Jon Gosselin? He's Just MisunderstoodSassy Smith
Jon Gosselin speaking out was supposed to repair his public image, however, it’s only made it worse. Probably with all the trash-talking he did about his soon-to-be ex-wife Kate, but honestly, he’s not a bad guy. He’s just misunderstood. Of course.
Jon’s just a regular dude, trying to get through this difficult time in his life. Of course.
Akilah Kamaria understands. She’s the founder of Hemancipation, a concierge service that caters to men in transition due to relocation, job status or divorce. And she’s seen lots of guys like Gosselin.
Because they’re the rule, and not the E.T.-probed exception.
“Men respond to divorce in a certain way,” Kamaria tells us. “And his response is fairly typical: ‘I’m free. I can do whatever it is I couldn’t previously do.’ “
To one guy, that can mean eating pudding in the living room—true story, Kamaria assures us.
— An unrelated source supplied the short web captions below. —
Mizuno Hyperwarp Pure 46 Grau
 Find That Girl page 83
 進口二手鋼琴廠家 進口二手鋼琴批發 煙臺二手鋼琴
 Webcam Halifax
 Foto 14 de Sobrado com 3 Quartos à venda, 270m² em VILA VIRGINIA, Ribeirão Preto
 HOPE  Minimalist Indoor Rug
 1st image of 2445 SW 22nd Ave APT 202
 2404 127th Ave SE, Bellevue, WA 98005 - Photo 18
To another guy, that can mean riding bikes, partying from St. Tropez to Sin City, and enjoying the company of young lady friends, very plural.
“It is a mad dash into a future that is very temporary,” Kamaria says—and we think: Is that not the world’s most poetic way to describe Gosselin’s last few trainwreck months?
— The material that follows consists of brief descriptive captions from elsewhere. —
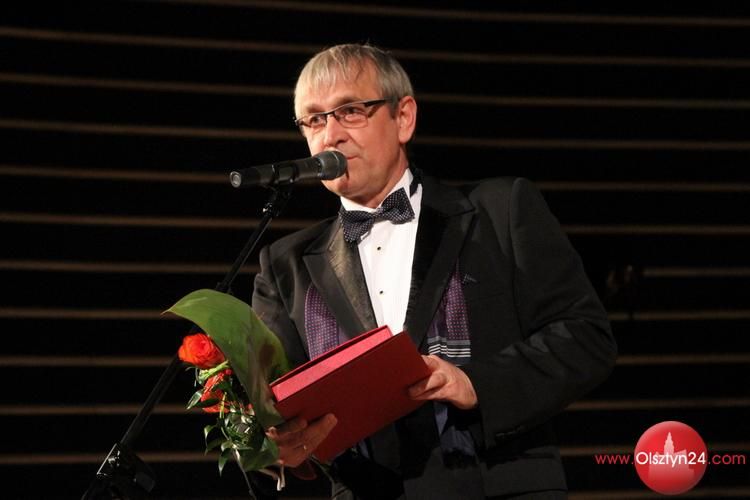 Olsztyn24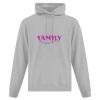 Affiliate ATC EVERYDAY FLEECE HOODED SWEATSHIRT. Thumbnail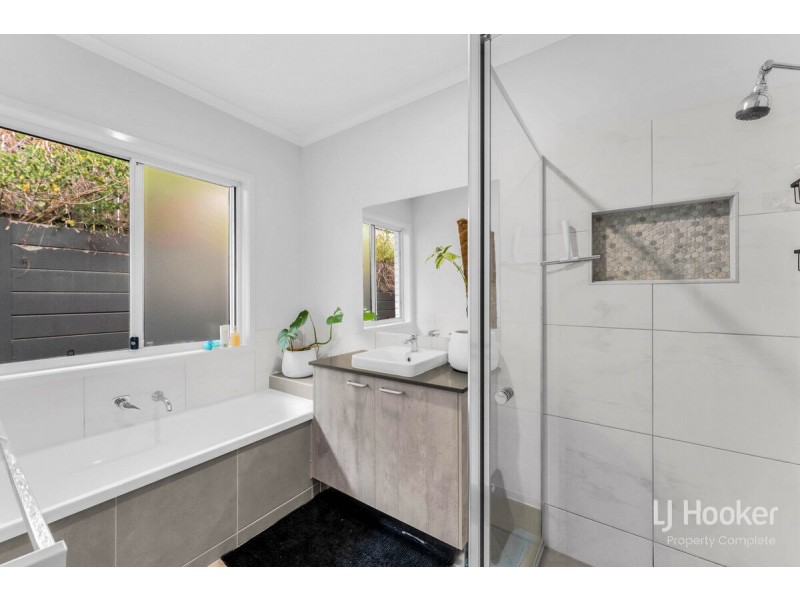 19 Buxton Avenue, Yarrabilba QLD 4207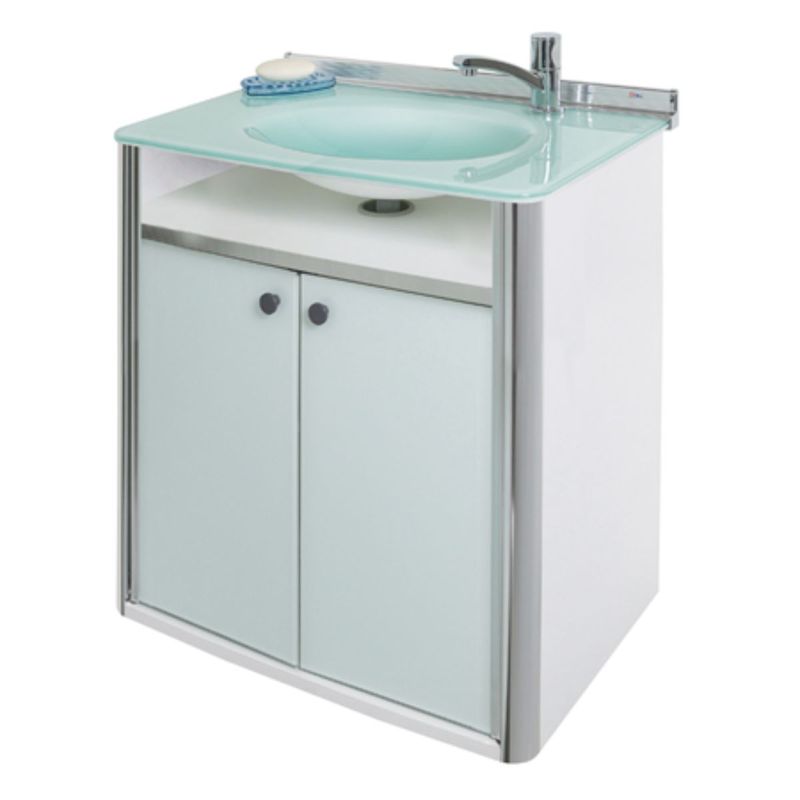 Conjunto_GabineteEspelho_Classic_625cm_Branco_931_Cris_Metal_101996802jpg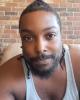 Jon is single in Cleveland, MS USA
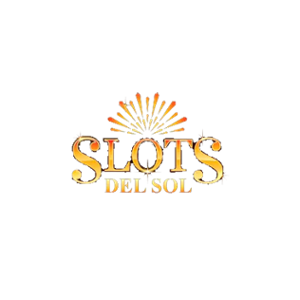 Slots del Sol Casino Logo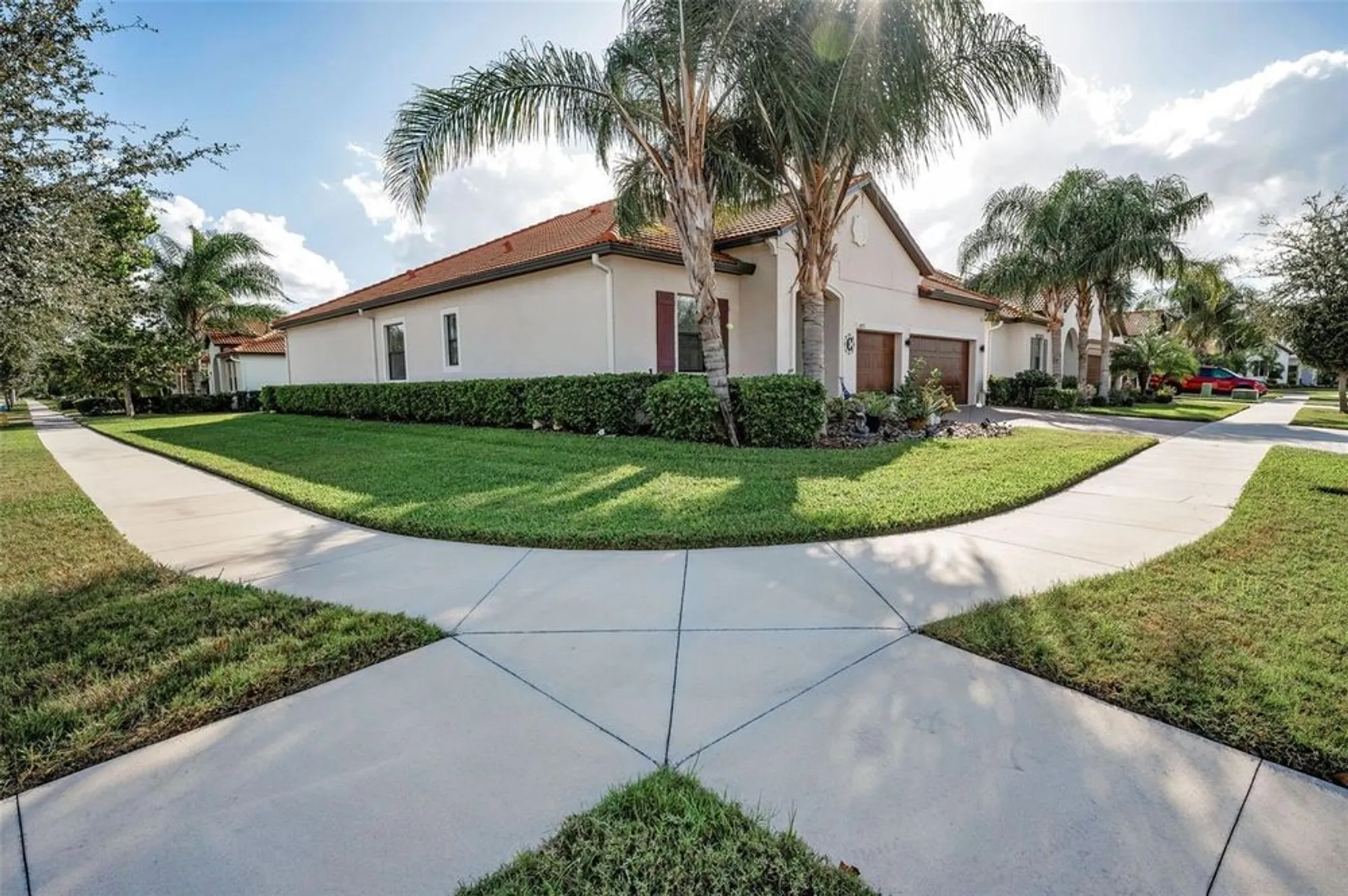 Property Slideshow image 36 of 55 | 16833 banner shell pl, Wimauma, FL, 33598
When framed as an act of temporary inanity, Gosselin’s behavior not only demands that we cut him slack, it demands that we treasure our moments with him.
One of these days, he won’t be dishing about how he “despise[s]” his estranged reality show costar. One of these days, he won’t be making clumsy forays into fashion design. One of these days, he simply won’t be providing countless hours of tabloid entertainment.
Chances are he’ll grow out of it. The TV ratings suggest we just about have.
“Five to 10 years from now,” Kamaria says, “the only people who will have any memory of this will be their children.”
“If he were my client, I’d tell him, ‘No, no,” says Kamaria. “Don’t do the photo-ops…You don’t fix any of this by going on Good Morning America. Go low-profile. Stay out of Vegas. Stay out of the party rooms.
So, I guess we should cut Jon some slack. And by slack, I mean punch him in the neck so he’ll perhaps get a clue that he has CHILDREN to think of.